Opposite the bar counter on the right side of the room there is a low table surrounded by a three-sided bench-type seat. In the far corner are two shelf units. These contain the bottled beers which can be drank in or taken away. Five litre mini-kegs are also on sale for home consumption.
As alluded to earlier the pub only opened towards the end of June 2017. It is the idea of Lauren Booth who previously had a career in teaching. Her story in connection with the pub started in October 2016 when she first identified the premises for her venture. Eventually planning permission was granted in March 2017. The builders went in soon after and I think it was quite an achievement to open in June, just nine months after commencing the project.
The inspiration behind the pub’s inception is her uncle Billy Booth, who also runs a micro-pub. Here I have to declare an interest, of sorts.

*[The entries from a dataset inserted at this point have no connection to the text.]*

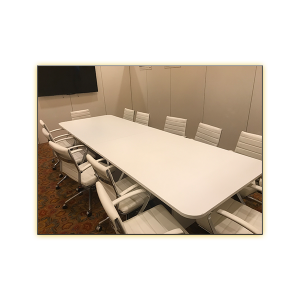 12ft White Conference Table with White Axel Office Chairs - V-Decor Trade Show Furniture Rentals in Las Vegas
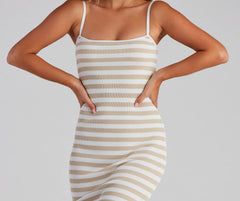 Earn Your Stripes Sweater Midi Dress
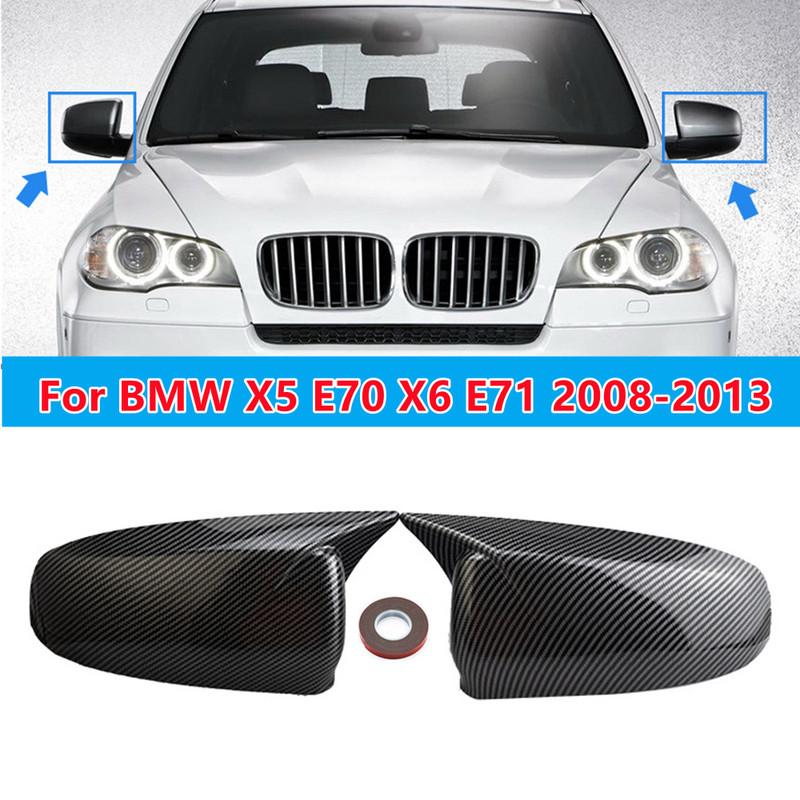 For BMW X5 E70 X6 E71 2008 2009 2010 2011-2013 ABS Car Rearview Side Mirror Cover Wing Cap Exterior Door Trim Adhesive Sticker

I had talked to Billy several times at the CAMRA Manchester Beer and Cider Festival and its predecessor, the CAMRA National Winter Ales Festival, when it was held in the city. He had visited the small bar in Bolton Market and was keen to open some similar himself.
I asked him to look at BeerVisits.eu for its micro-pub articles to provide some ideas. His interest and desire culminated with the opening of The Samuel Oldknow in Marple. I hope I might have helped a little towards this. Please see a separate article on this excellent little pub.

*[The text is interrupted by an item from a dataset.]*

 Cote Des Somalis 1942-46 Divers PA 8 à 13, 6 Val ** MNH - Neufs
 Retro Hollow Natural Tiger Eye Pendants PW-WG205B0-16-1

Back in Disley, we were looking at the cask beers on the hand-pumps. There were four, as follows: North Riding Brewery (Scarborough, North Yorkshire) Chocolate & Fudge Porter (4.5%); Exit 33 (Sheffield, South Yorkshire) Blonde (4.0%). There were two from Brentwood Brewery (Brentwood, Essex) Elephant School Aussie Blonde (4.0%) and Elephant School Lager than Life (4.6%), a Kölsch. Elephant School is the experimental brewing arm of Brentwood.
There were also three still ciders offered, all from Lilley’s of Frome, Somerset in the form of Gladiator Cider (8.4%) and two flavoured: Mango Cider (4.0%) and Rum Cider (4.0%). Lovers of the gassy stuff are not ignored as there some “craft” keg beers and two German draught lagers. There is a full wine and spirits list including a very good selection of gins.
Like most micro-pubs food is not prominent although they do have pork pies with mustard. Naturally there is a selection of snacks in packets. Singers are often a feature on Sundays. All in all this a good pub in an excellent location.
Malt Disley, 22 Market Street, Disley SK12 2AA. Tel: (01663) 308020.
Hours: Monday-Thursday: 16.00-23.00; Friday-Sunday: 12.00-23.00.
The pub is just over five minutes walk from Disley railway station. This is on the Manchester to Buxton line. The frequency is hourly Monday to Sunday. The journey takes about 30 minutes from Manchester Piccadilly. It is around 20 minutes from Stockport and 25 minutes from Buxton.
An alternative route is by bus route 199 from Manchester Airport via Stockport continuing on to Buxton.
It runs every half hour Monday to Saturday. In the evening and on Sunday and Bank Holidays it is hourly.